Kinoki Senior Society
Kinoki was founded in the spring of 2014. This organization brings together students who are passionate about film and plan on pursuing careers in the entertainment industry.

Omega Honor Society
The Zeta Xi Chapter of the Order of Omega was rechartered at Penn in 2014. Unlike its "Omega" counterpart below, the chapter has both a university affiliation with the Office of Fraternity and Sorority Life, and a national affiliation. Omega is composed of juniors and seniors who best represent the positive aspects of Greek life: character, scholarship, service, and leadership.

Omega Senior Society
The Omega Senior Society, or The O.R.D.E.R., exists to recognize leadership in the Greek community. It is composed of influential members of Greek organizations and other similar student groups (colloquially known as "off-campus fraternities/sororities").

Osiris Senior Society
Osiris, founded in the spring of 2013 by Lainie Huston and Jackson Foster, brings together senior leaders and outstanding members of the performing arts community. The society draws its name from the god Osiris, who was believed by some in ancient Greco-Egyptian times to have been the god who brought together the nine muses. Similarly, the society provides a forum for students of different art forms, including vocal, dance, theatrical, instrumental, photographic, and tech among others, to strengthen ties across the performing arts community. Throughout the year, members attend social events and support each other at shows, and each May members perform a senior showcase highlighting the talents of these students and fostering collaborative performance.

Identity-based

Atlas Senior Society
The Atlas Society was founded in 2016 by five international students. Atlas strives to create an ethnically and culturally diverse community of international students who have demonstrated leadership and an interest in intercultural learning and global experiences. The founding class includes 21 members from 18 countries and territories.

Carriage Senior Society
The Carriage Senior Society, founded in the spring of 2013, is a senior honor society of leaders from around campus who are members of the LGBTQ+ community. It is named for the home of the University's LGBT Center, Carriage House. Their symbol is a twelve-spoked carriage wheel and members refer to themselves as "Spokes."
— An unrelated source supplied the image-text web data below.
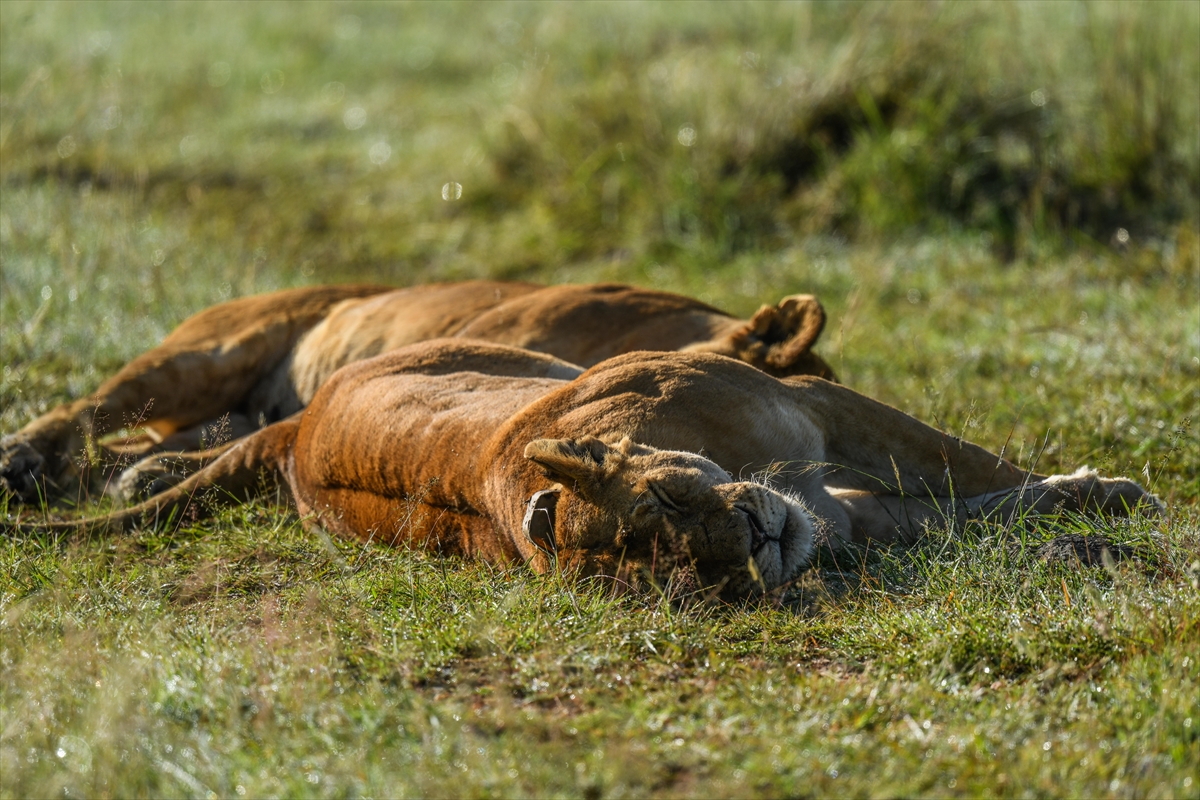 Kenya'daki Maasai Mara doğal yaşam alanına göç başladı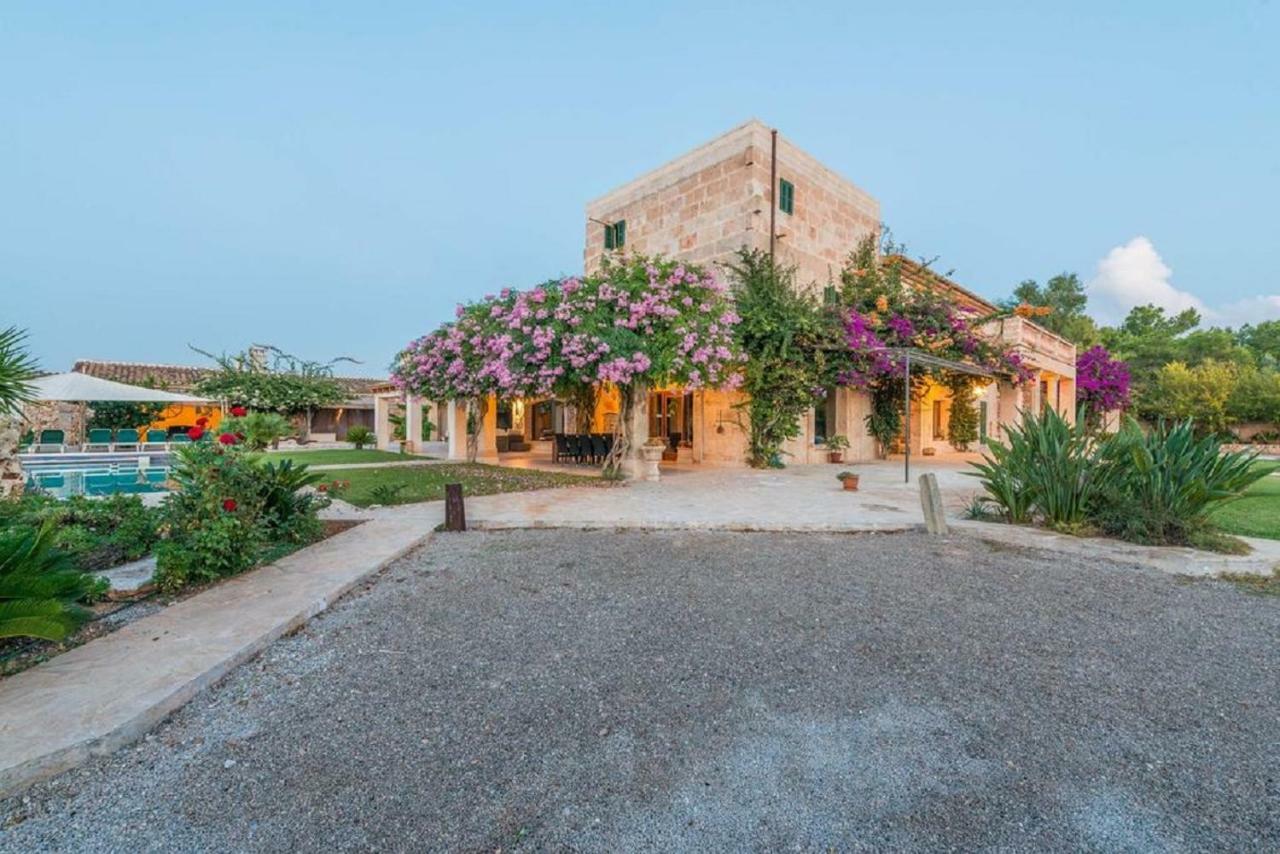 Fincas Campos Villa
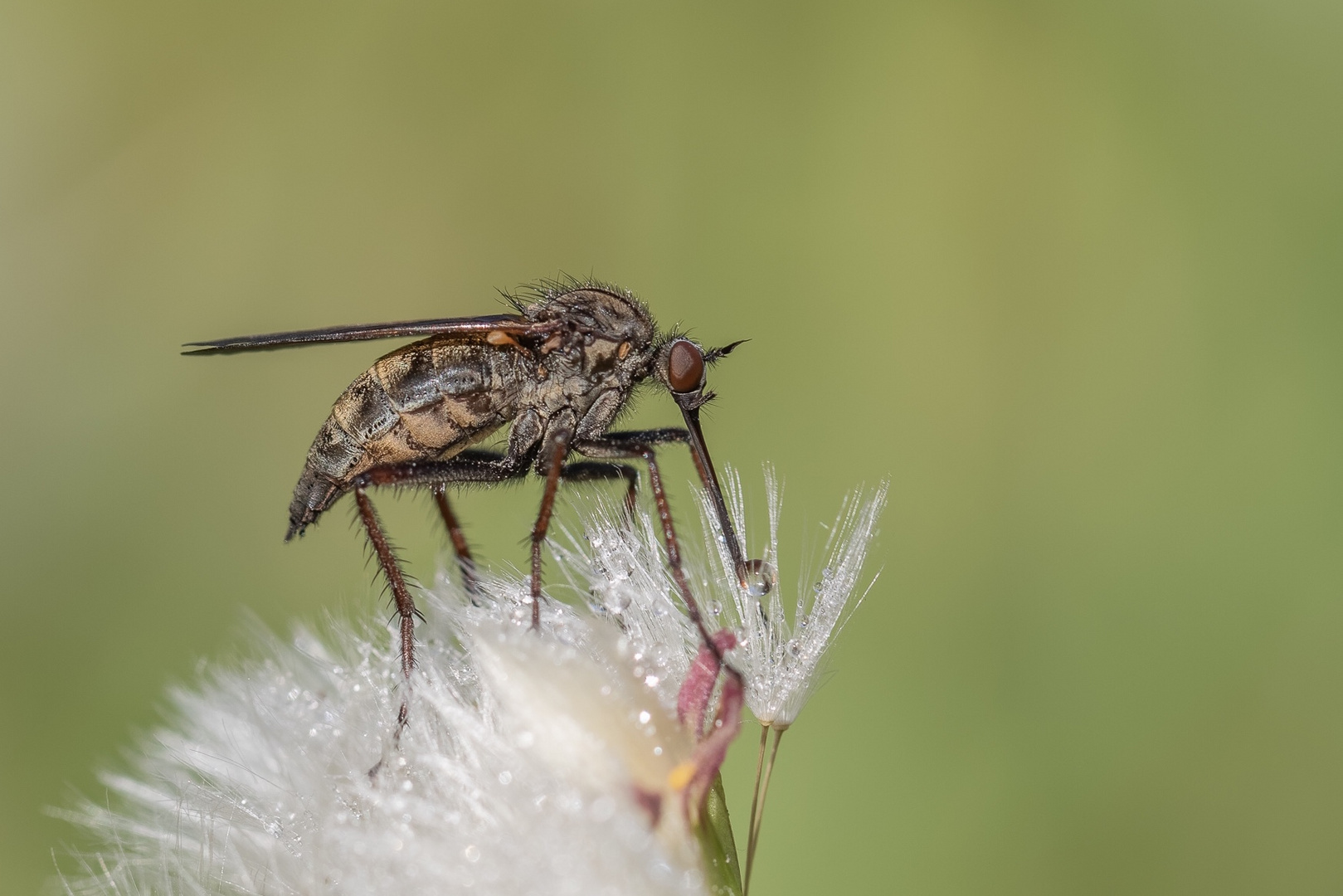 Fliege mit Tautropfen 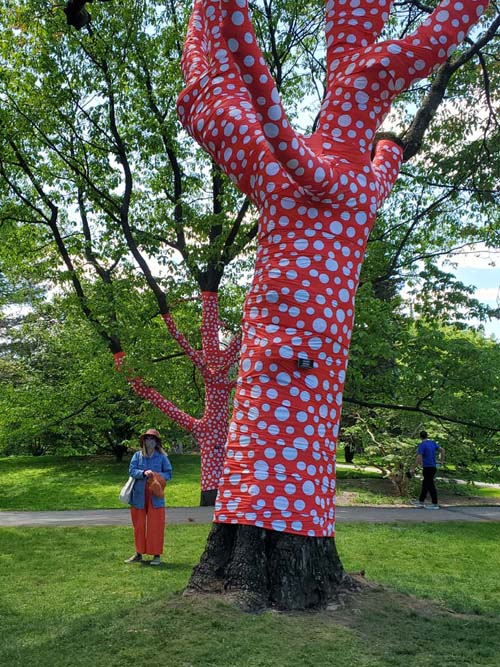 Ascension of Polka Dots on the Trees, Kusama: Cosmic Nature, New York Botanical Garden, Bronx Park, The Bronx, May 13, 2021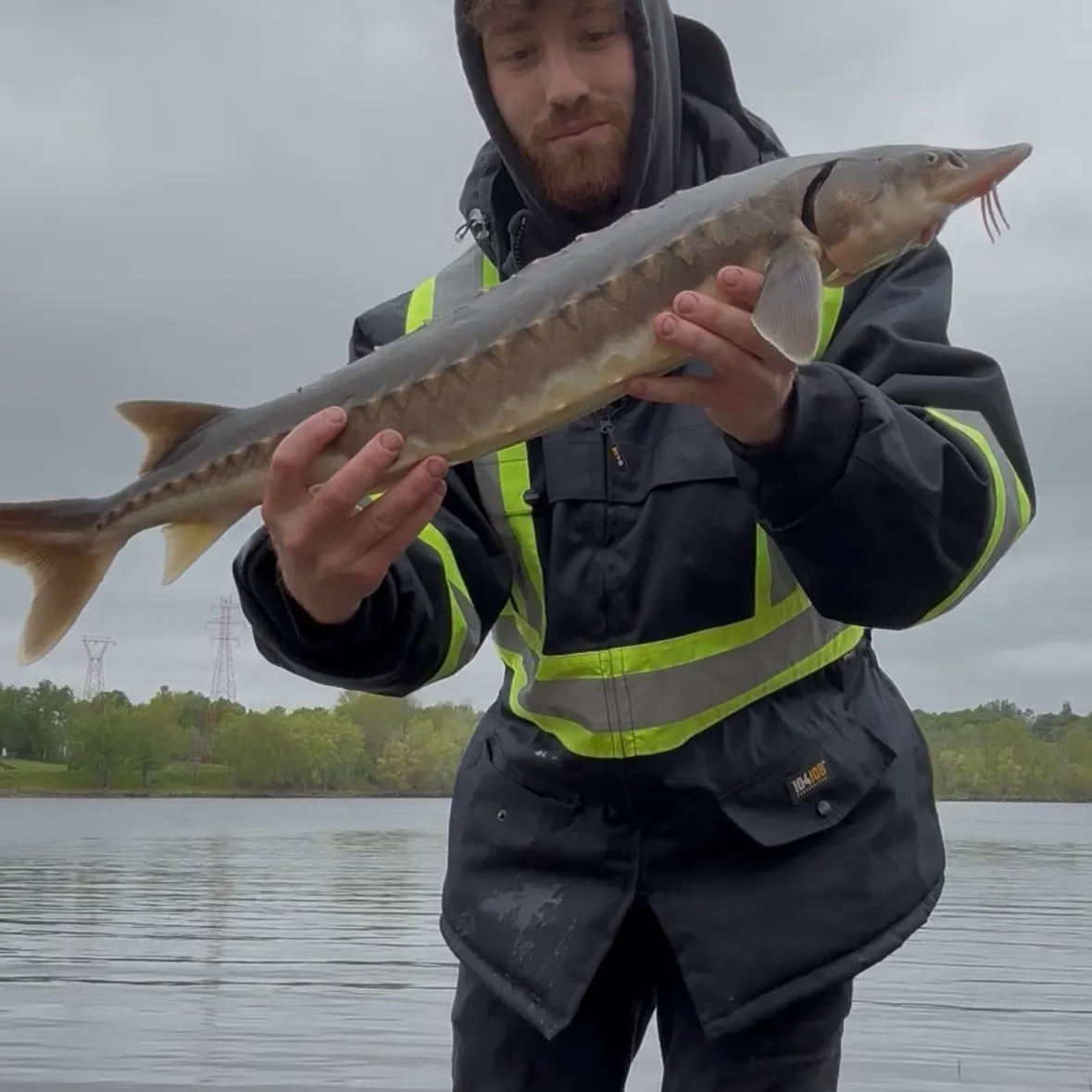 The most recent Atlantic sturgeon catches on Fishbrain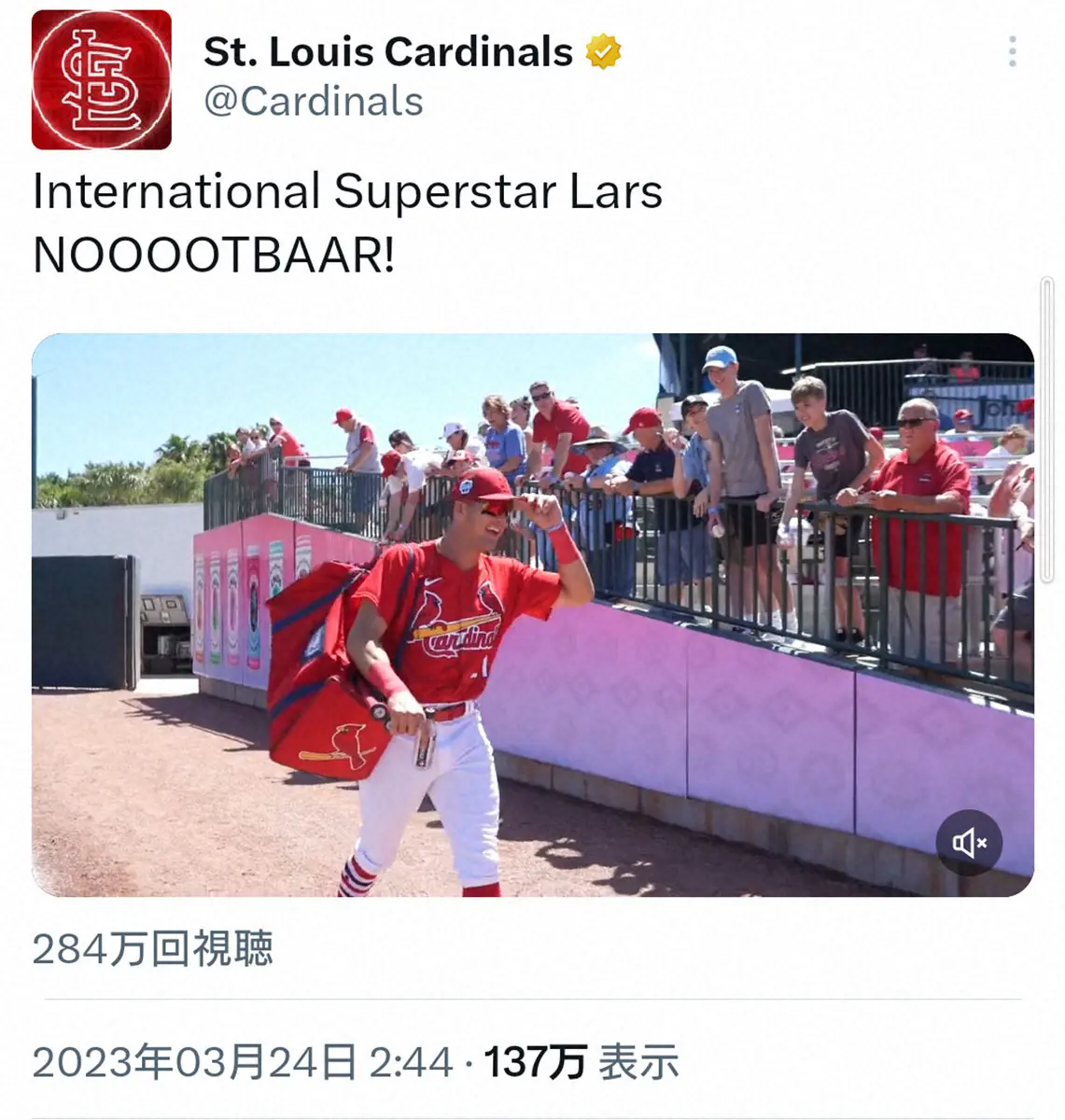 【画像・写真】カージナルス　ヌートバーのチーム合流を「世界的なスーパースター」と紹介　早くもOP戦出場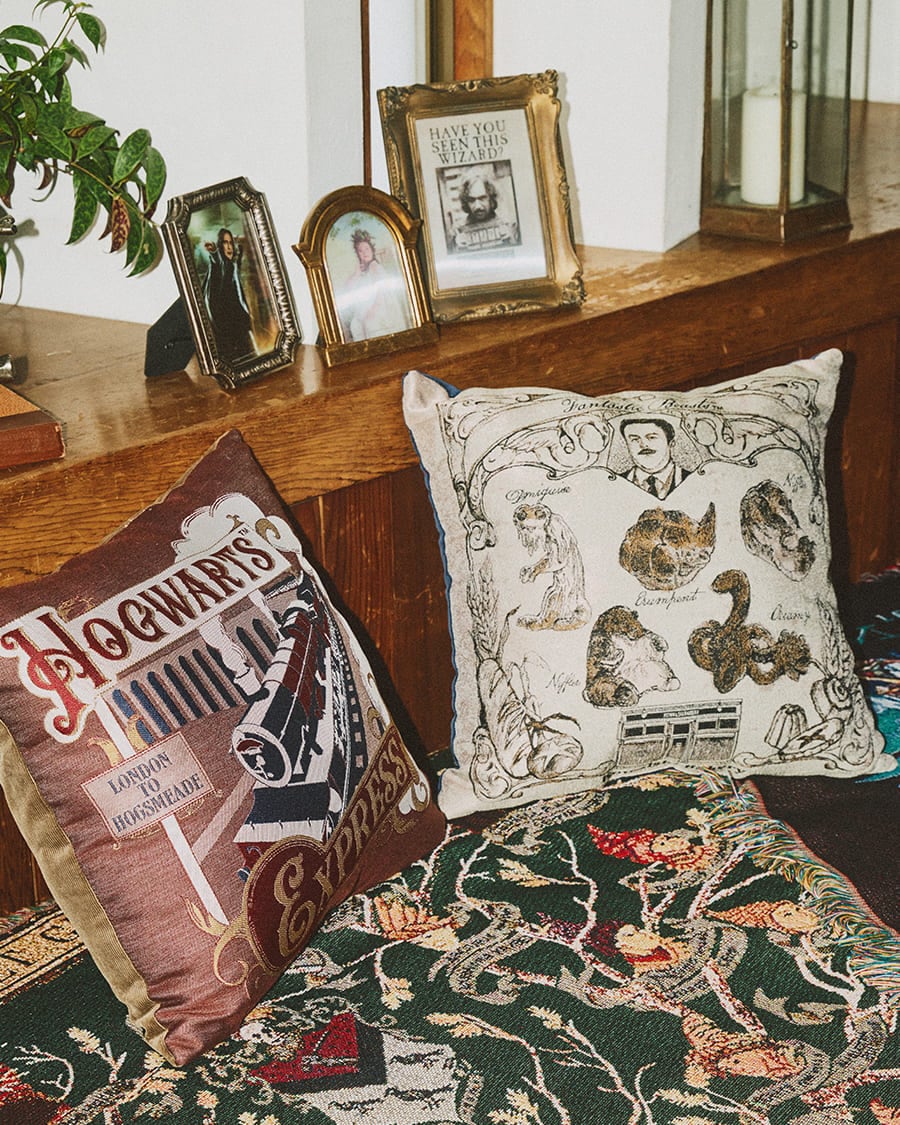 CUSHION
New members are added both as Juniors in their spring semester and as Seniors in their fall semester. While members continue the traditional tap system for potential applicants, in recent years an open invitation to the informational "Smoker" has been distributed to LGBTQ groups on campus. Any eligible student who attends the Smoker is then welcome to apply whether or not they have been tapped. An effort is made to include a diversity of identities and areas of leadership on campus in each class.

Cipactli Latino Honor Society
The Cipactli Latino Honor Society was founded in 2001. The mission and purpose of Cipactli is to acknowledge individual academic achievement, leadership, and distinguished service to the Latino community. Cipactli is the only Latino honor society in the Ivy League.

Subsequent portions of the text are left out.